|

Selef-i Salihin'e bak IŞİD'i anla

Prof. Asma Afsaruddin, İslam literatüründeki bazı kavramların, zamanın farklı dönemlerinde karşılaşılan sosyolojik-tarihsel ve siyasi şartlar nedeniyle farklı algılanmaya başlandığını söylüyor. Afsaruddin, IŞİD ve diğer radikal grupların ateşli konuşmalarını güvenilir, tarihi bilgilere dayanarak çürütmek için ilk Müslümanların hayatlarının detaylarının hâlâ çok yararlı olduğunu ifade ediyor.

Emeti Saruhan
00:00 - 9/11/2014 Pazar
Güncelleme: 21:16 - 8/11/2014 Cumartesi
Yeni Şafak
Selef-i Salihin'e bak IŞİD'i anla
Selef-i Salihin'e bak IŞİD'i anla

Prof. Asma Afsaruddin'in, geçtiğimiz yıl Dost İslam'a Hizmet ödülünü aldığı kitabı First Muslims Türkçeye çevrildi. Afsaruddin, Indiana Üniversitesi'nde Yakın Doğu Dilleri ve Kültürleri Fakültesi'nde pre-modern ve modern İslam dini ve siyasi düşünce, Kur'an ve Hadis, İslam entelektüel tarihi, çağdaş İslam hareketi ve cinsiyet sorunları üzerine çalışıyor. Bu alanda çalışmaya karar vermesi, liseden mezuniyeti sonrası ailesi ile Bangladeş'ten Amerika'ya göç ettikten sonra olmuş. Amerika'ya gelmesinden hemen sonra Oberlin College'da siyaset bilimi okuyan Afsaruddin, doktorasını ise John Hopkins Üniversitesi'nde Arap dili edebiyatı ve İslam çalışmaları üzerine yapmış. Afsaruddin Arapça ile olan bağını çocukken okuduğu Kur'an'a bağlıyor.
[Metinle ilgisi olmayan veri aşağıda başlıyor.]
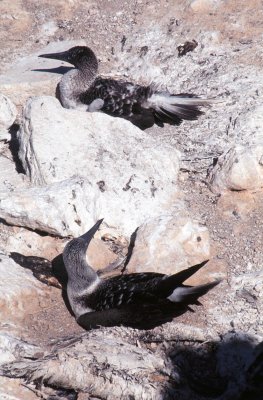 Blue-footed Booby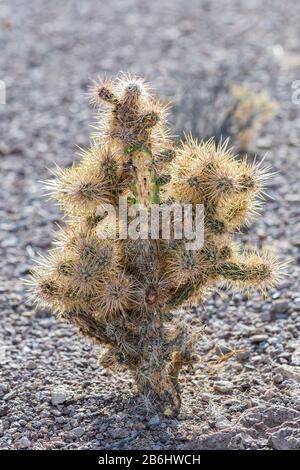 Hintergrundbeleuchteter cholla-kaktus in der Wüste von Nevada Stockfoto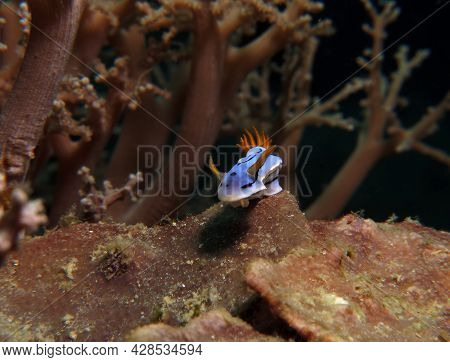 A Chromodoris Lochi Nudibranch On Corals Boracay Philippines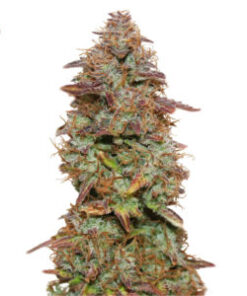Exotic Purple  Autofiorente
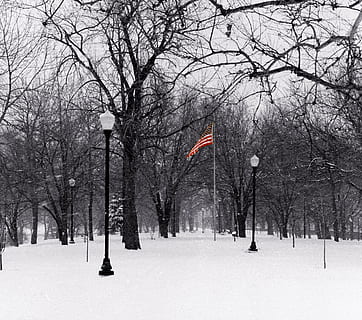 flag, træ, sne, vinter, bare træ, kold temperatur, afdeling, natur, plante, dækker, ingen mennesker, jord, hvid farve, dag, skønhed i naturen, himmel, ro, scenics - natur, udendørs, patriotisme, sner, 2K, CC0, offentligt domæne, royaltyfrie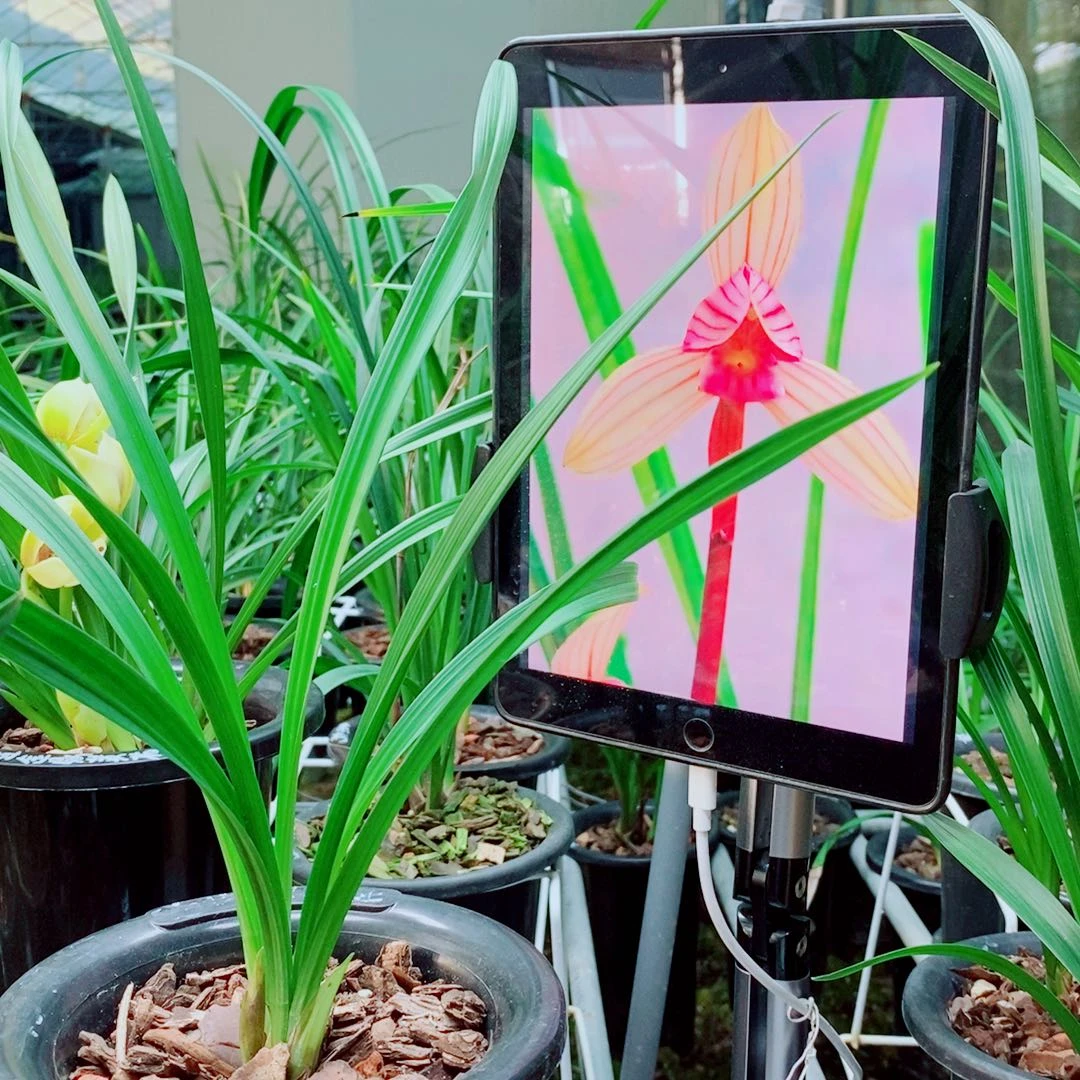 当前无花栽培后可以开花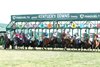 Kathynmarissa wins the 2024 Dueling Grounds Oaks Invitational Stakes at Kentucky Downs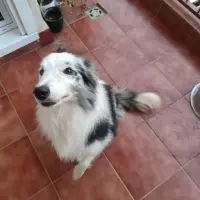 Adopta a Flash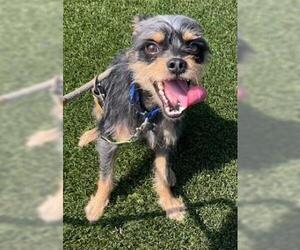 Mutt Dogs for adoption in Ventura, CA, USA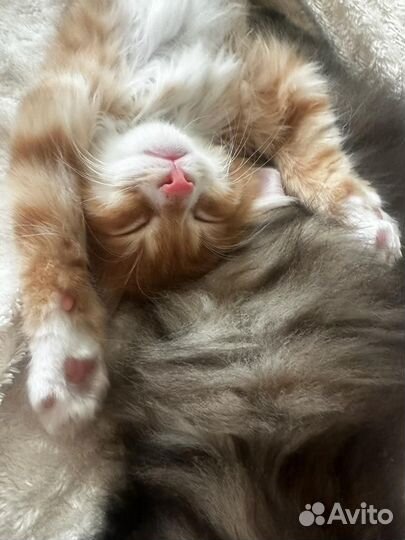 Курильский бобтейл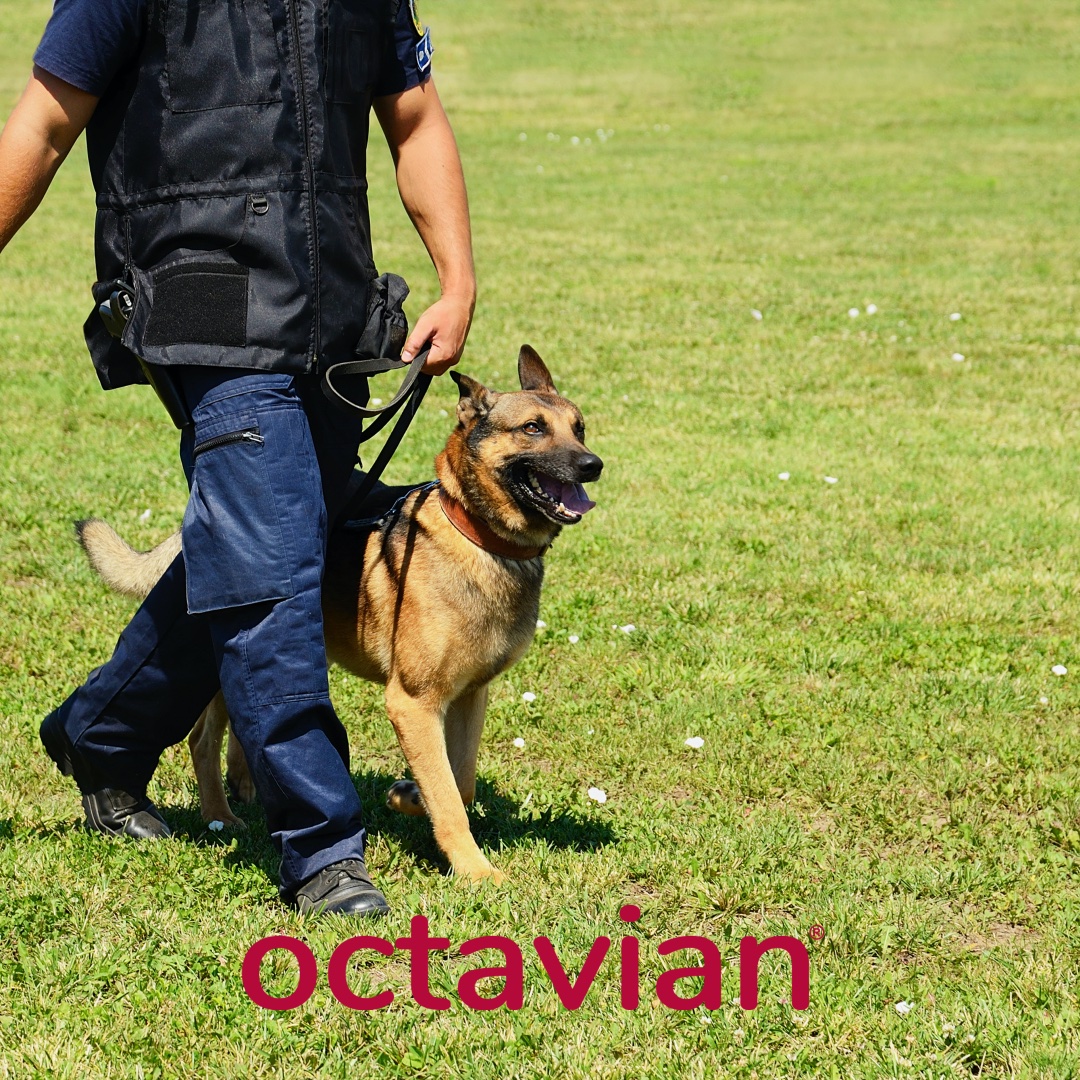 K9 Security: Where Loyalty Meets Vigilance

Find out more : octaviangr.com/uk/k9-security/

#k9security #security #octaviansecurity #sitesafety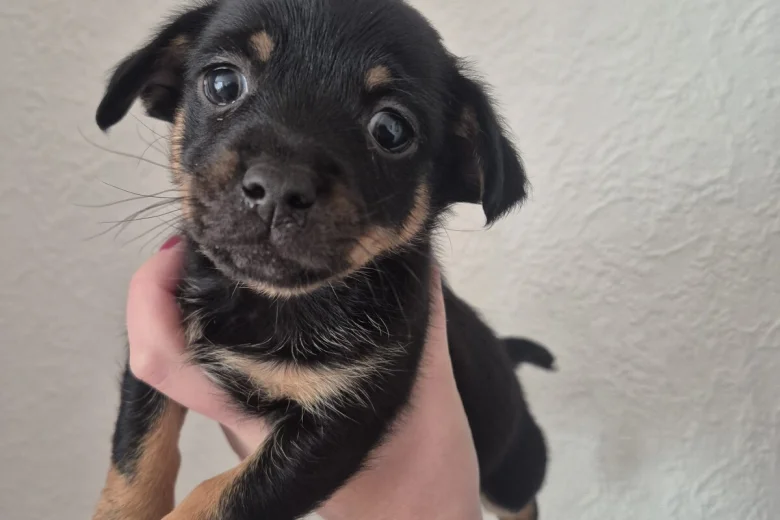 Mixed Breed
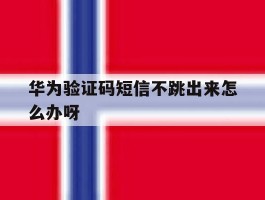 华为验证码短信不跳出来怎么办呀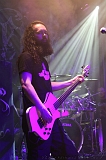 EVERGREY+FeedForward_115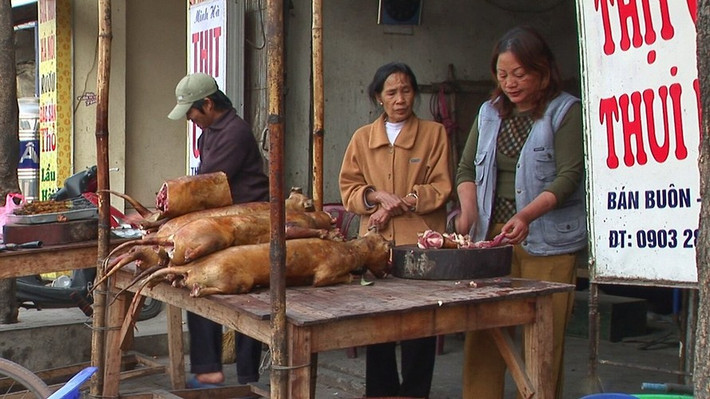 Chủ cửa hàng bán thịt chó cho khách. Ông Manfred Sommer nhận xét, ngày nay một số nền văn hóa coi việc tiêu thụ thịt chó là một phần trong ẩm thực truyền thống, trong khi những nền văn hóa khác - chẳng hạn như phương Tây - lại coi đây là một điều cấm kỵ.
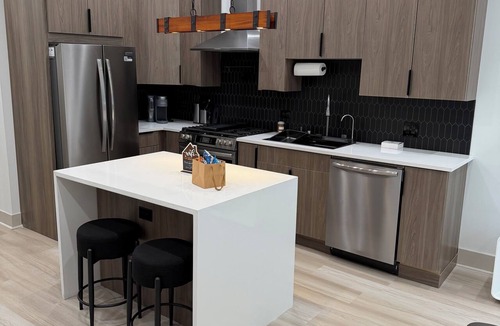 Grand Boulevard Apartment | Living like a local in Bronzeville chicago with massive roof deck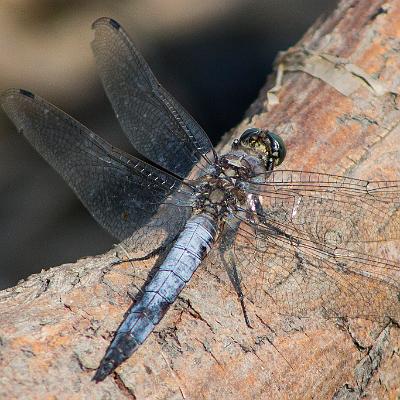 Libelle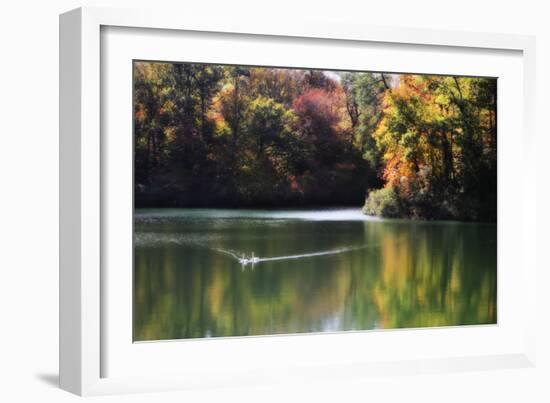 Swans on the Lake I-Alan Hausenflock-Framed Photographic Print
Kur'an'dan çok etkilenen Afsaruddin, üniversitede de Arapça dersleri almaya başlayınca bu dille arasında bir sevgi bağı oluşmuş. Çok zorlansa da Arapça'yı kısa zamanda öğrenmiş. Bunun üzerine İslam bilimleri üzerine çalışmaya başlamış. Tabi bu alanda çalışmaya başlamasının bir sebebi de Amerika'daki İslamofobi olmuş. Prof. Asfaruddin bu alanda çalıştıkça İslam'a olan inancının pekiştiğini ve yaşamını İslam'ın disiplinize ettiğini ifade ediyor.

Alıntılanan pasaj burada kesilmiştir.